In 2002, Tom Hicks famously sat on the deck of his yacht — less than a year after signing Alex Rodriguez to a $250 million contract, mind you — and excoriated fellow owners for not being more careful with their money. The levels of hypocrisy there were already off the charts, but it has only gotten better and better as time has gone on:
Creditors to Texas financier Tom Hicks’s Hicks Sports Group have declared the company in default, a measure that could eventually dislodge the Texas Rangers baseball club and Dallas Stars hockey franchise from his control.
The default notice is the strongest sign yet of the economic perils awaiting the country’s professional sports leagues, where owners have spent lavishly on player salaries. Many owners’ personal fortunes are also on the wane, creating uncomfortable standoffs between the owners and lenders.

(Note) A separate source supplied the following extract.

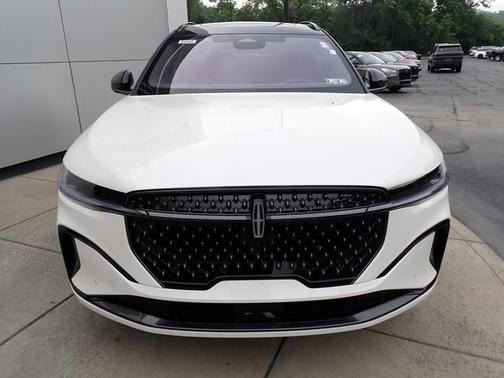 2025 Lincoln Nautilus Black Label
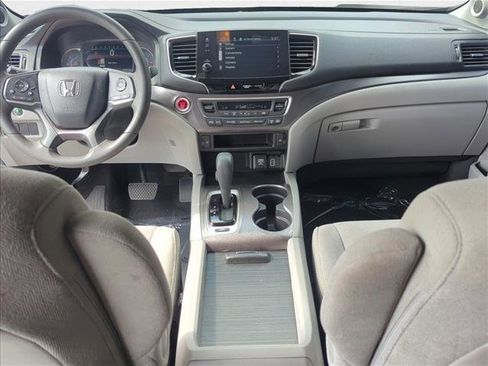 Used 2020 Honda Pilot EX image 15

As Rovell notes, there’s a six-month cooling off period of sorts before banks can take over the Rangers, but for all intents and purposes, the team is in foreclosure. What to do? Again, Rovell:
So the immediate solution for Hicks is to sell pieces of his teams to raise enough cash to remain the owner or eventually just hand them over to the banks. But, trust me, the banks don’t want the teams. They want the money . . . but the person who is buying has to have more cash than ever before. And someone who doesn’t have a sports team who is going to buy now is going to want majority ownership, if not immediately upon purchase, within a couple years.
If only there were someone who (a) lived in Dallas; (b) was interested in owning a sports team; and (c) had a lot of money.